We can achieve the same result with tidy evaluation by somehow adding $ back into the picture while data-masking functions by using .data or .env to be explicit about whether you’re talking about a data-variable or an env-variable:

diamonds %>% filter(.data$carat > .env$min)

diamonds %>% filter(.data[[var]] > .env$min)

num_vars <- c("carat", "depth", "table", "price", "x", "y", "z")
ui <- fluidPage(
  selectInput("var", "Variable", choices = num_vars),
  numericInput("min", "Minimum", value = 1),
  tableOutput("output")
)
server <- function(input, output, session) {
  data <- reactive(diamonds %>% filter(.data[[input$var]] > .env$input$min))
  output$output <- renderTable(head(data()))
}

The app works now that we’ve been explicit about .data and .env and [[ vs $. See live at https://hadley.shinyapps.io/ms-tidied-up.

12.3.2 Example: ggplot2

Here we apply this idea to a dynamic plot where we allow the user to create a scatterplot by selecting the variables to appear on the x and y axes. ggforce::position_auto() was used so that geom_point() works regardless of whether the x and y variables are continuous or discrete.

ui <- fluidPage(
  selectInput("x", "X variable", choices = names(iris)),
  selectInput("y", "Y variable", choices = names(iris)),
  plotOutput("plot")
)
server <- function(input, output, session) {
  output$plot <- renderPlot({
    ggplot(iris, aes(.data[[input$x]], .data[[input$y]])) +
      geom_point(position = ggforce::position_auto())
  }, res = 96)
}

Alternatively, we could allow the user to pick the geom. The following app uses a switch() statement to generate a reactive geom that is later added to the plot.

ui <- fluidPage(
  selectInput("x", "X variable", choices = names(iris)),
  selectInput("y", "Y variable", choices = names(iris)),
  selectInput("geom", "geom", c("point", "smooth", "jitter")),
  plotOutput("plot")
)
server <- function(input, output, session) {
  plot_geom <- reactive({
    switch(input$geom,
      point = geom_point(),
      smooth = geom_smooth(se = FALSE),
      jitter = geom_jitter()
    )
  })
  
  output$plot <- renderPlot({
    ggplot(iris, aes(.data[[input$x]], .data[[input$y]])) +
      plot_geom()
  }, res = 96)
}

This app allows you to select which variables are plotted on the x and y axes. See live at https://hadley.shinyapps.io/ms-ggplot2.

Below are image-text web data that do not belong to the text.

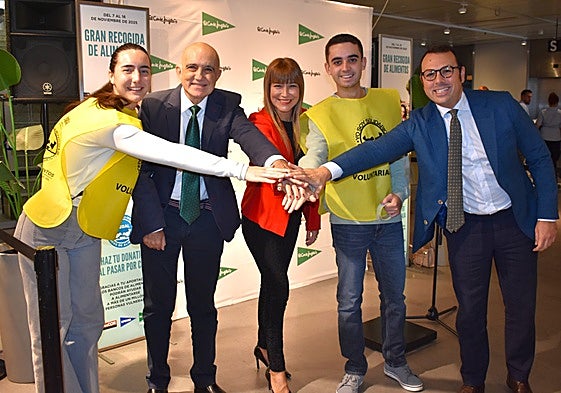 Voluntarios, representantes institucionales y de Bancosol, ayer en la inauguración de la campaña.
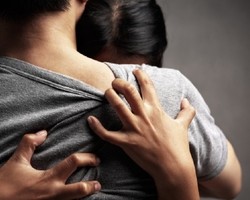 Tanda-tanda Orang yang Posesif Dalam Percintaan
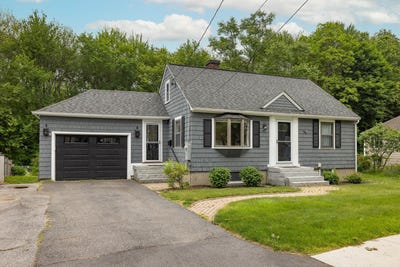 /international/us/413-colonial-drive-portsmouth-nh-110100120637/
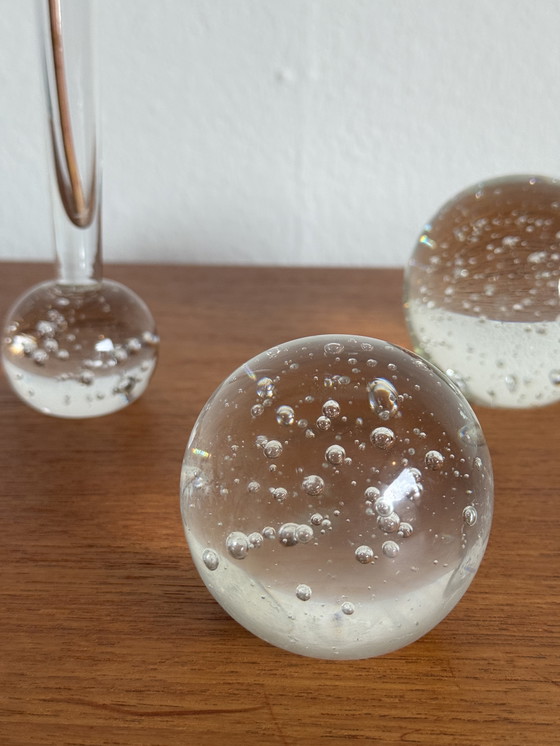 Image 1 of Bubble-Glas-Set: einzelne Blumenvase + 2 Briefbeschwerer – minimalistisch & skulptural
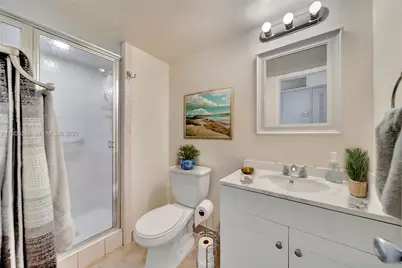 3221 NE 8th St #103, Pompano Beach, FL 33062 - Photo 9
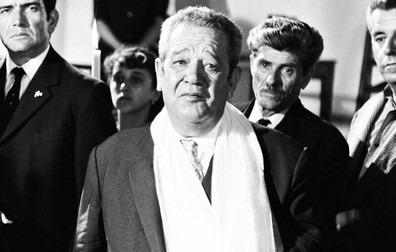 H 12χρονη κόρη του Παντελή Ζερβού θάφτηκε ζωντανή στον σεισμό του 1956 στη Σαντορίνη
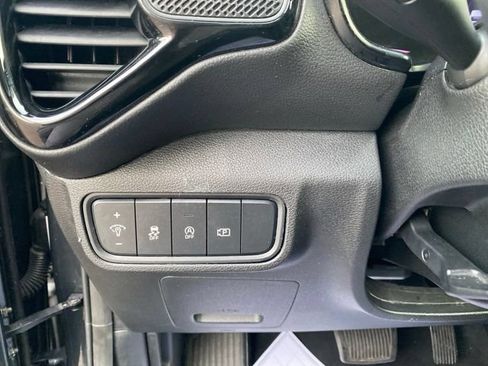Used 2023 Kia Soul EX FWD image 8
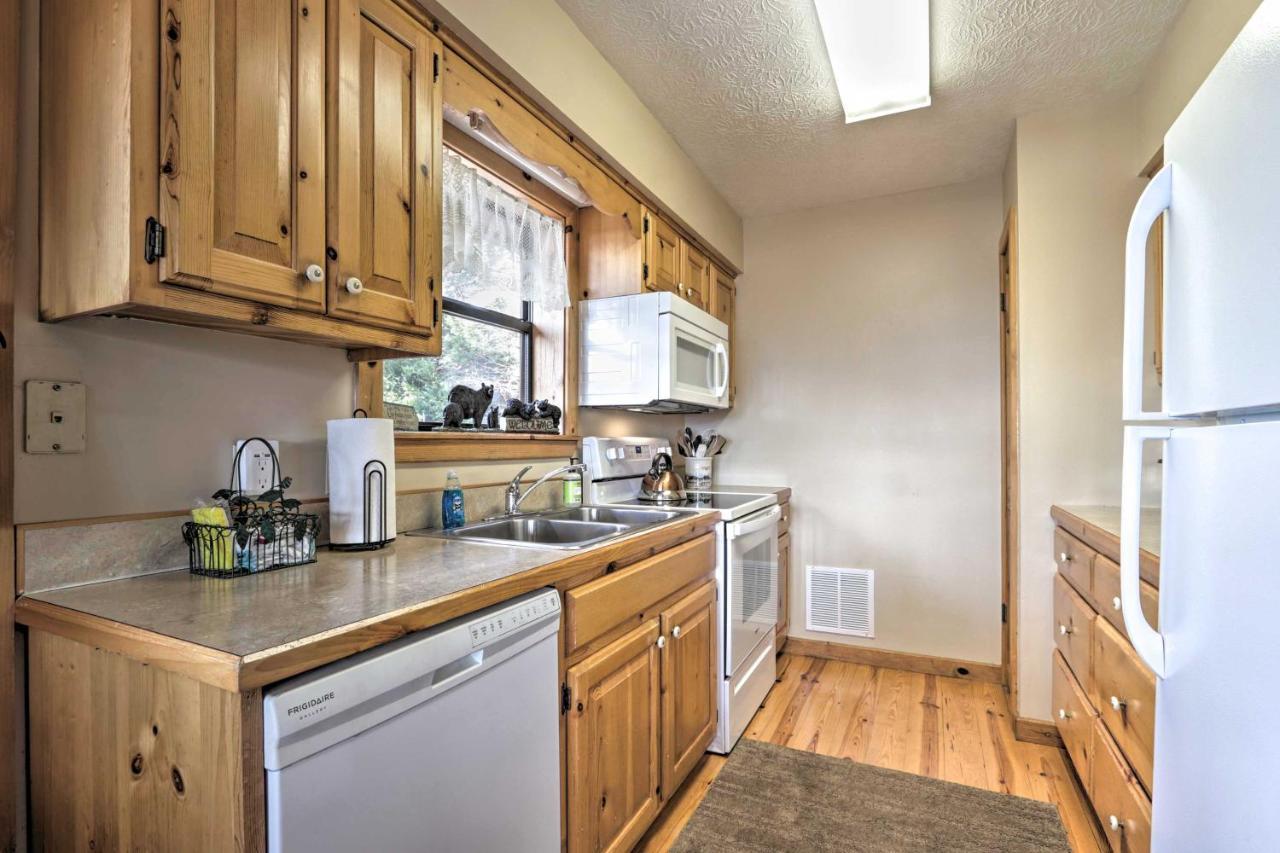 Smoky Mountain Retreat With Hot Tub, Arcade Games Villa Pigeon Forge Eksteriør bilde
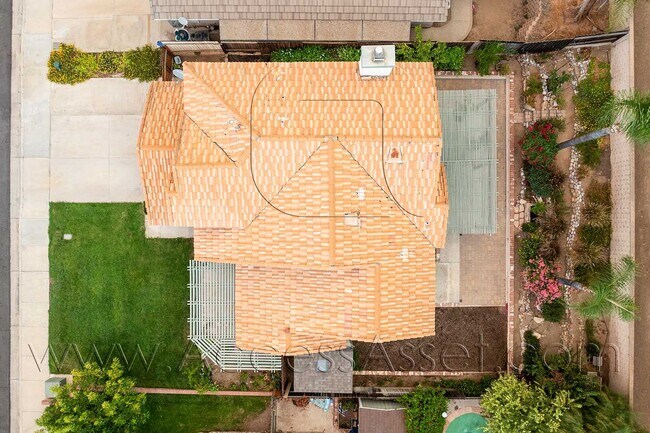 Foto del edificio - Charming 4 Bed/2.5 Bath Home With Spacious...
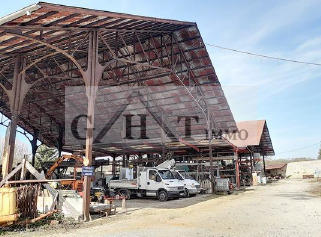 Entrepôt - 4 200 m²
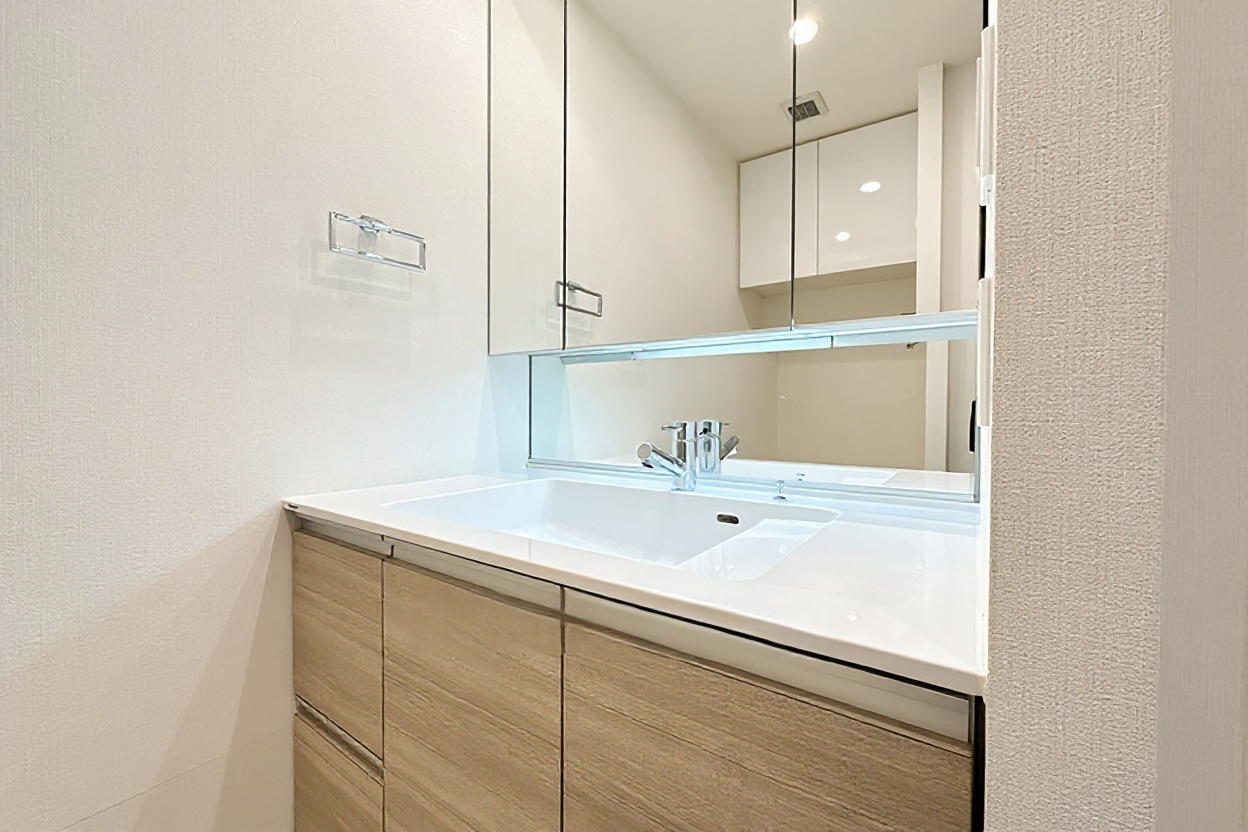 Roppongi Grand Tower Residence thumbnail 5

One of the challenges of programming with user selected variables is that your code has to become more complicated to handle all the cases the user might generate.

12.3.3 Example: dplyr

The same technique also works for dplyr. The following app extends the previous simple example to allow you to choose a variable to filter, a minimum value to select, and a variable to sort by.

ui <- fluidPage(
  selectInput("var", "Select variable", choices = names(mtcars)),
  sliderInput("min", "Minimum value", 0, min = 0, max = 100),
  selectInput("sort", "Sort by", choices = names(mtcars)),
  tableOutput("data")
)
server <- function(input, output, session) {
  observeEvent(input$var, {
    rng <- range(mtcars[[input$var]])
    updateSliderInput(
      session, "min", 
      value = rng[[1]], 
      min = rng[[1]], 
      max = rng[[2]]
    )
  })
  
  output$data <- renderTable({
    mtcars %>% 
      filter(.data[[input$var]] > input$min) %>% 
      arrange(.data[[input$sort]])
  })
}

This app that allows you to pick a variable to threshold, and choose how to sort the results. See live at https://hadley.shinyapps.io/ms-dplyr.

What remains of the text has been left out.